In July, during the massive social protests in Cuba, Boric had also voiced his solidarity with Cuba’s protesters. “I have one single standard regarding human-rights violations, and it’s that they are unacceptable,” he said at the time.
In 2019, changing course from his previous support for the Venezuelan regime, Boric tweeted that, “The government of Nicolás Maduro is seriously violating human rights. From the left, we must condemn it without ambiguities nor shades.”
Boric may turn out to be less of an activist in the fight to restore democracy in Venezuela and Nicaragua than outgoing President Sebastian Piñera, but probably he won’t abandon Chile’s defense of basic freedoms in those countries.
First, Boric is likely to run foreign-policy himself, more than the Communist Party or any other member of his coalition. The tradition in Chile is that the president — and not the ruling coalition — is in charge of foreign policy. That’s not likely to change.
Second, Boric will face a strong right-of-center opposition in Congress. Opposition parties will control 25 of the Senate’s 50 seats, and Boric will need to reach out beyond his coalition to advance his ambitious social agenda. Supporting Venezuela or Nicaragua would do him more harm than good in luring moderate legislators to his camp.
Third, Boric will need to show independence from the Communist Party. His rival in the presidential race, right-wing candidate Jose Antonio Kast, claimed during the campaign that Boric would be controlled by the Communist Party. Boric would hurt himself with his newly won moderate voters if he proved Kast right.
Most likely, Boric’s foreign-policy priorities will be to join international treaties to combat global warming and to improve ties with neighboring Argentina. He may even go on a peace offensive with Bolivia, which maintains a long-time territorial dispute with Chile.
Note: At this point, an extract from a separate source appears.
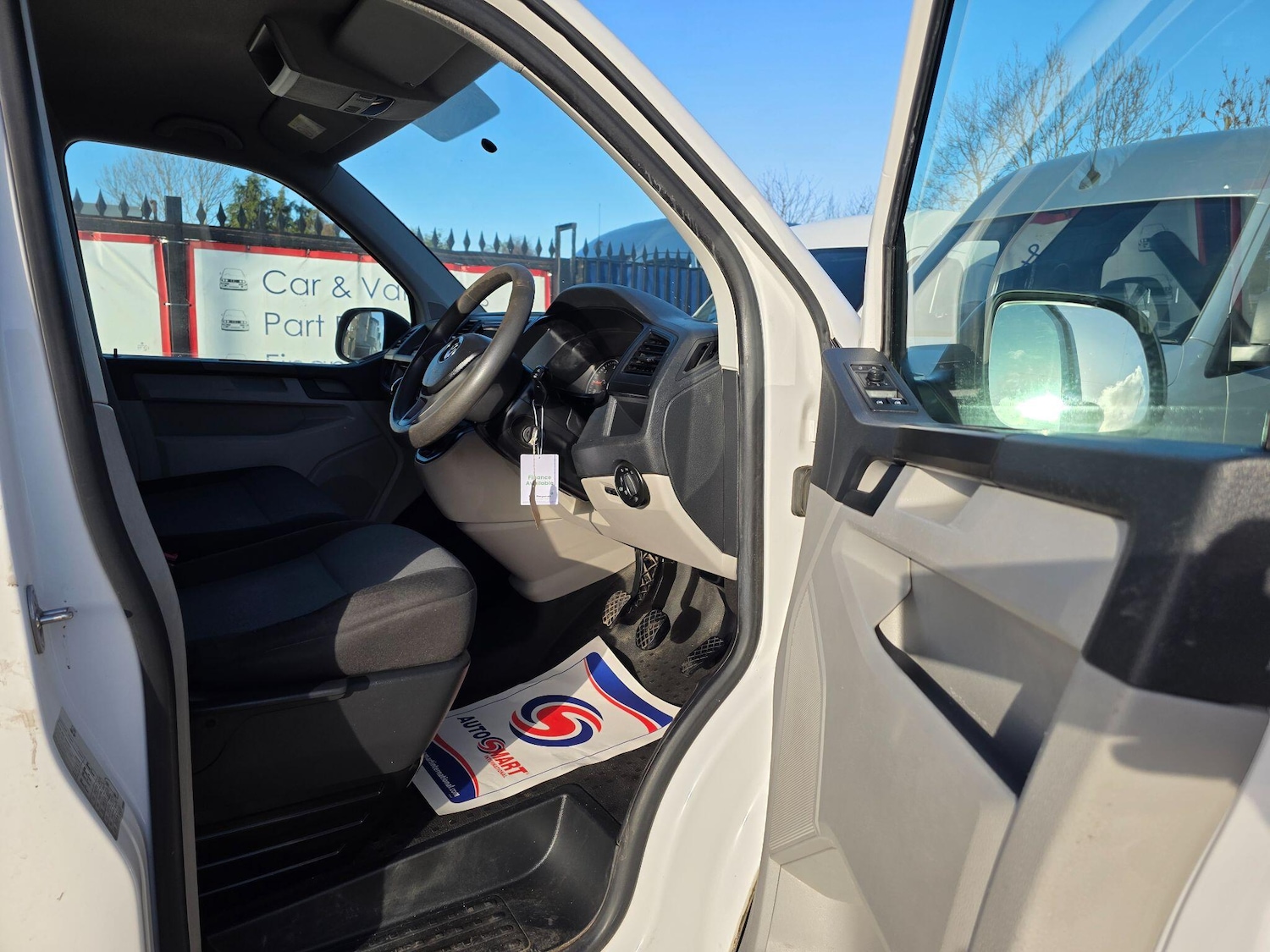 Used Volkswagen Transporter 2018 for sale - 77016644: Photo 13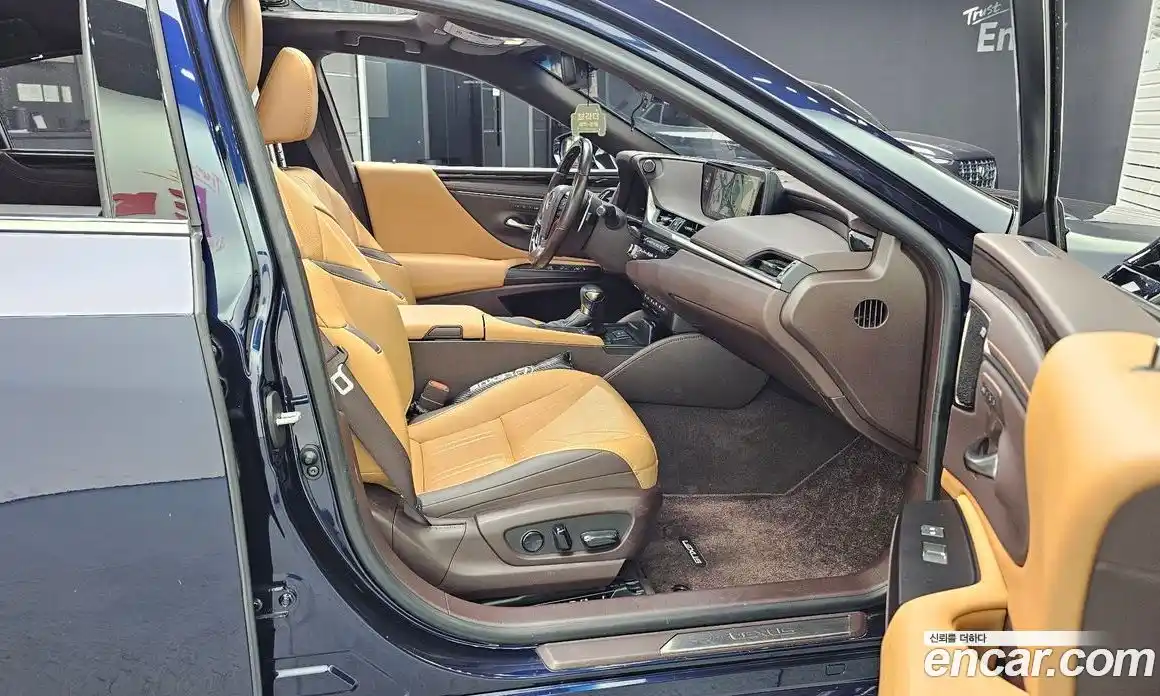 Lexus ES 2020 2.5 автомат (гидро), фото 11 Lexus ES 2020 2.5 автомат (гидро), фото 11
Regarding Cuba, however, he may not be as openly critical as with Venezuela and Nicaragua. Many old-guard members of Chile’s left still have a romantic view of Cuba’s dictatorship, and Boric may not want to antagonize them. He may try to stay far away from Cuba, without praising or criticizing it.
Boric certainly runs the risk of scaring away investments. The Chilean stock market plunged 7% on Monday — the day after his victory — triggering more capital flight and creating more poverty.
But if he avoids these pitfalls, Boric could become a much-needed role model for the region. He won by an overwhelming almost 12-point margin — 55.8 percent to 44.1 percent — and he can claim a mandate like few presidents before him.
If Boric embarks on social changes while defending democracy at home and abroad, he could become the hero of a new, democratic, modern left. That would be great news, because Latin America’s left in recent years has been hijacked by Venezuela and its allies, and they have brought about nothing but human-rights abuses, corruption and greater poverty. Let’s cross our fingers that he takes that route.